下級生たちの身体に緊張が走ったのが分かった。
「せせせせんぱい! い、いまなにか…!!」
「大丈夫だ。落ち着け」
「でででも、ガサって…」
「あれは七松先輩だ」
「…へ? 七松小平太先輩ですか?」
「ああ。七松先輩は毎朝裏山を通って裏々山の山頂までランニングしてるんだ」
「へえ…」
時折裏山に行くと、そこにはいつも七松先輩がいる。
走っていたり、塹壕を掘っていたり、はたまた筋トレをしていたり。
きくと毎日このあたりを走っているのだという。

ひょーい、と七松先輩は一見なにもないようなところをジャンプしたりかがんで通ったり。
ああ、今日はあそこか。
「竹谷先輩。七松先輩はなんであんなふうに跳んだりかがんだりしてるんですか?」
孫次郎が俺の袖をひっぱりながら言う。
「きっと筋トレだよ。ああやって足腰に負荷をかけて筋トレしてるんだよ」
毎日筋トレを欠かさない虎若はきらきらした瞳で駆け抜けていく七松先輩を見つめている。


どうして毎日こんなところを走るのかと聞いた時の先輩の笑顔を思い出す。
からりと曇りのない笑顔。

『ま、体育委員会みんなで走るコースだからさ、安全かどうか委員長のおれがちゃんとチェックしとかないとな』

毎日毎日、裏山から裏々山まで。
繰り返し繰り返し先輩は走って。
危険な場所はないか。

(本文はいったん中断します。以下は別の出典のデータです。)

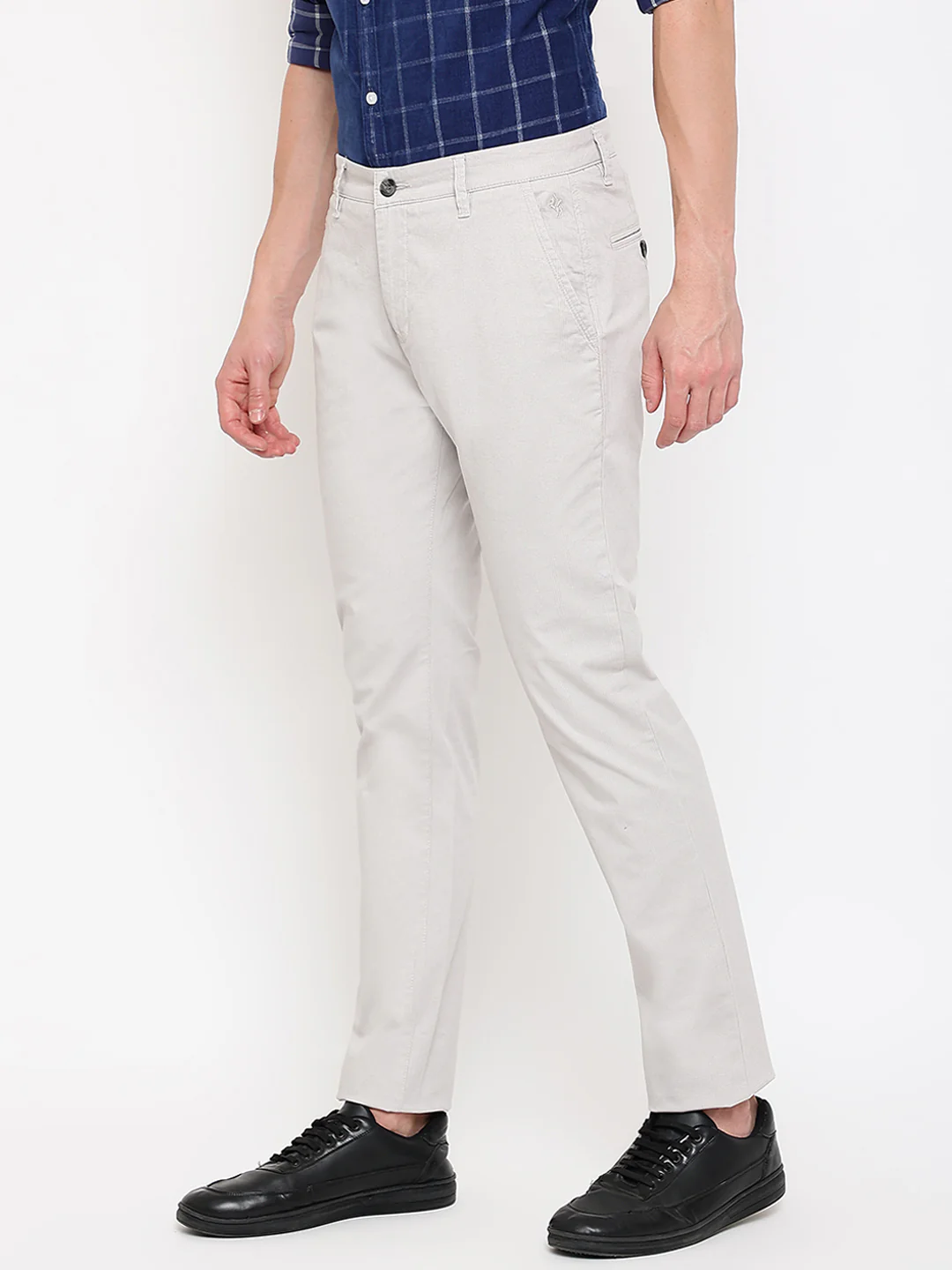 Men's Casual Flat front Ivory Checks Trousers - Image 2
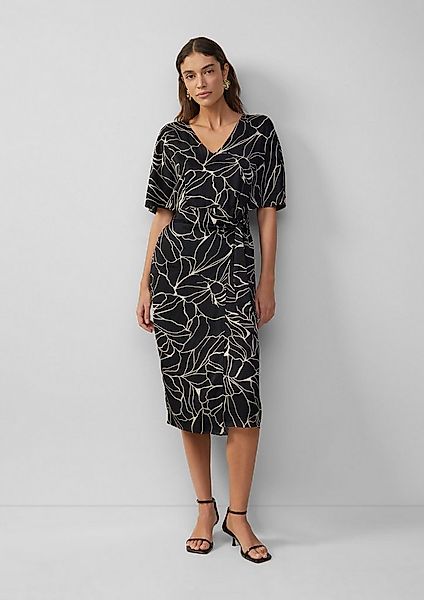 s.Oliver Midikleid Kleid Satinkleid in Wickeloptik mit V-Ausschnitt günstig online kaufen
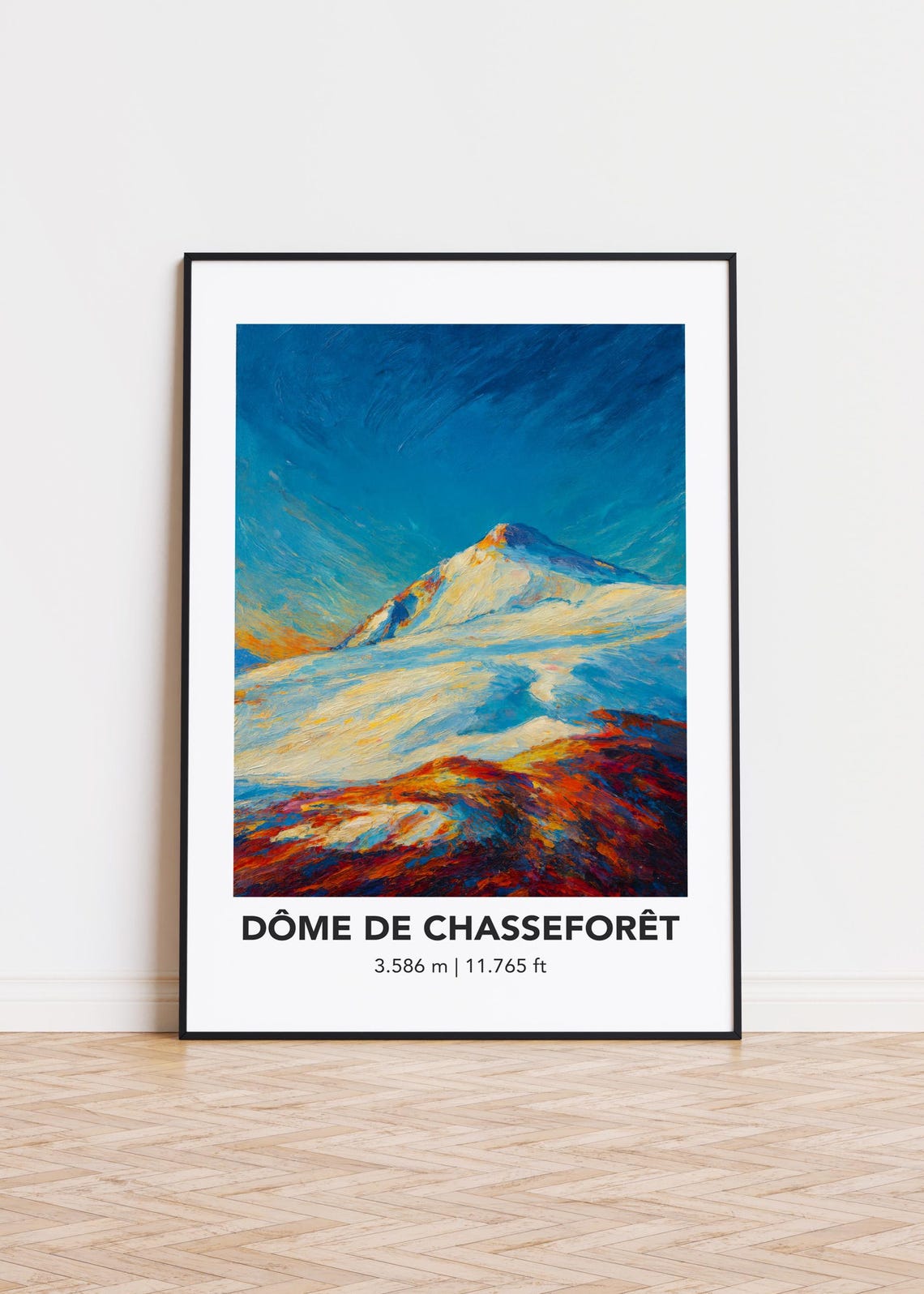 Dome de Chasseforet Snowy Alpine Oil Painting Style Mountain Poster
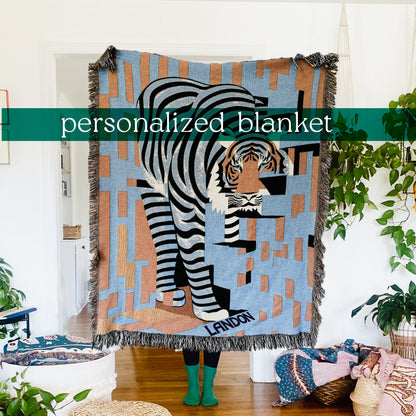 Custom Tapestry Wall Hanging, Personalized Graduation Gift, Tiger Dopamine Decor, Dorm Room Wall Tapestry, Tiger Picnic Blanket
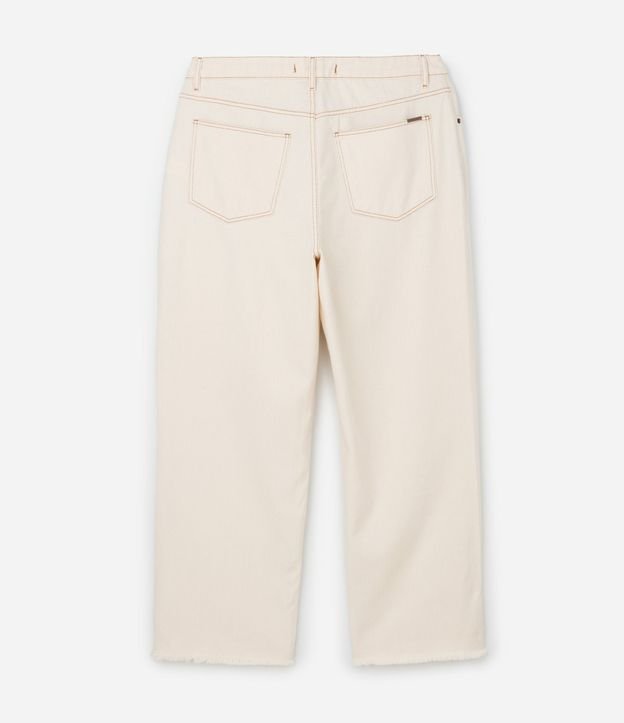 Pantalón Recto en Sarga con Terminación Deshilachada Curve & Plus Size 3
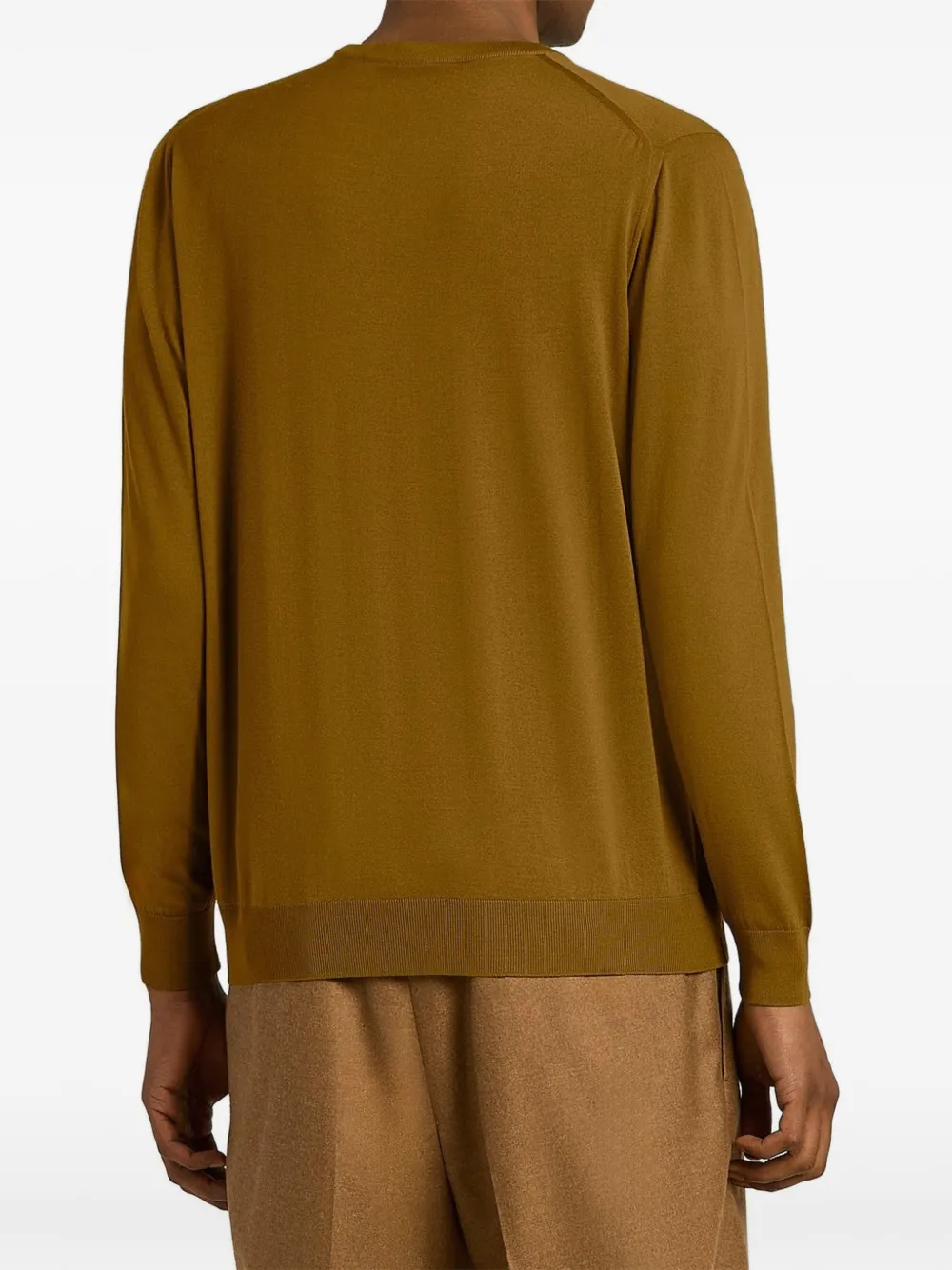 Kiton fine-knit wool sweater Geel
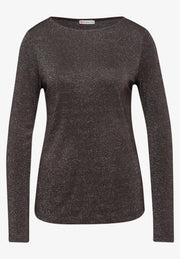 Street One - Brun glittrig topp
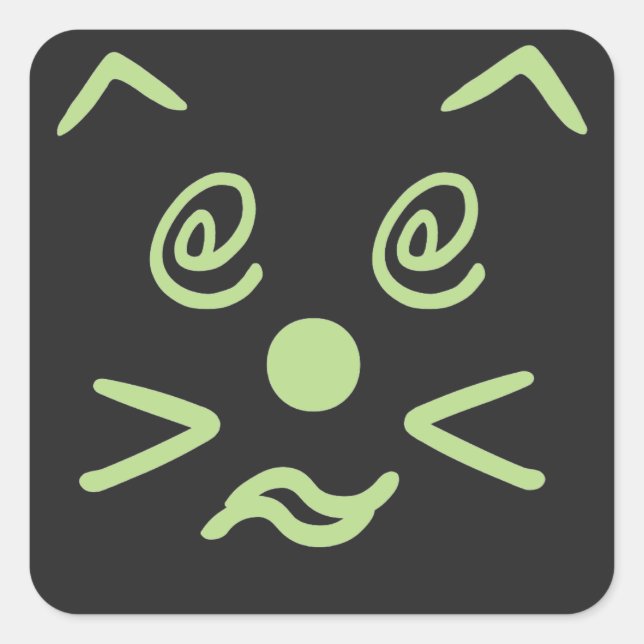 Sticker Carré Face de chat Emoji mignon (Devant)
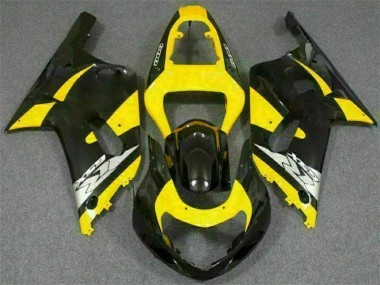 2001-2003 Yellow Black Suzuki GSXR 600/750 Motorcycle Replacement Fairings for Sale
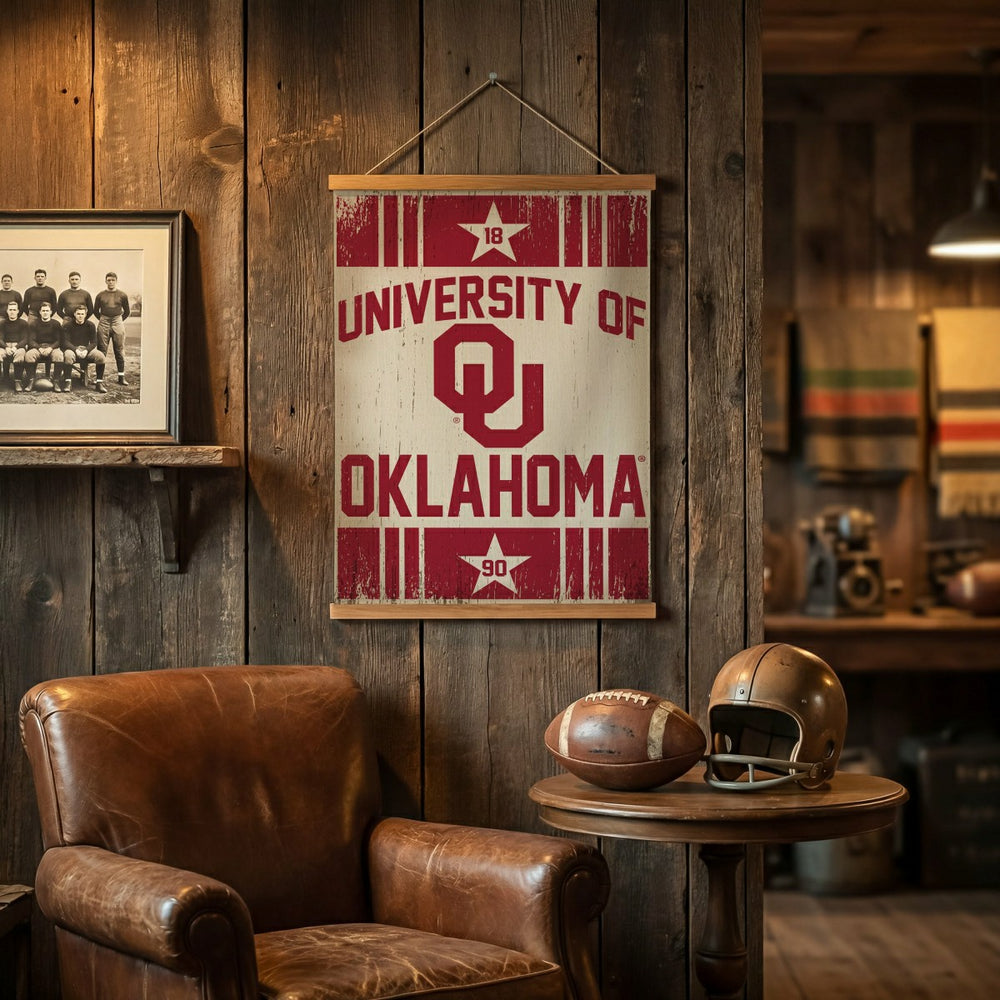 University of Oklahoma, Canvas Wall Tapestry, Medium, 36x24, Collegiate, Home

罠が仕掛けられていないか。
それを確かめているんだ。

委員長…か。

誰も見ていなくても、下級生たちのために委員長でいるんだ。
先輩はやっぱすごいや。
俺にはまだむりだなぁ。
どうやったら先輩みたいになれるんだろ?


ただ、安全点検してるはずなのにどこに罠があったのか忘れちまってたら意味ないよなぁ。
なんでそこが抜けちゃってるんだろ。
ふっしぎだよなぁ。
さて、カブトムシを捕って学園に戻ったら綾部に罠を外すよう言わなくっちゃな。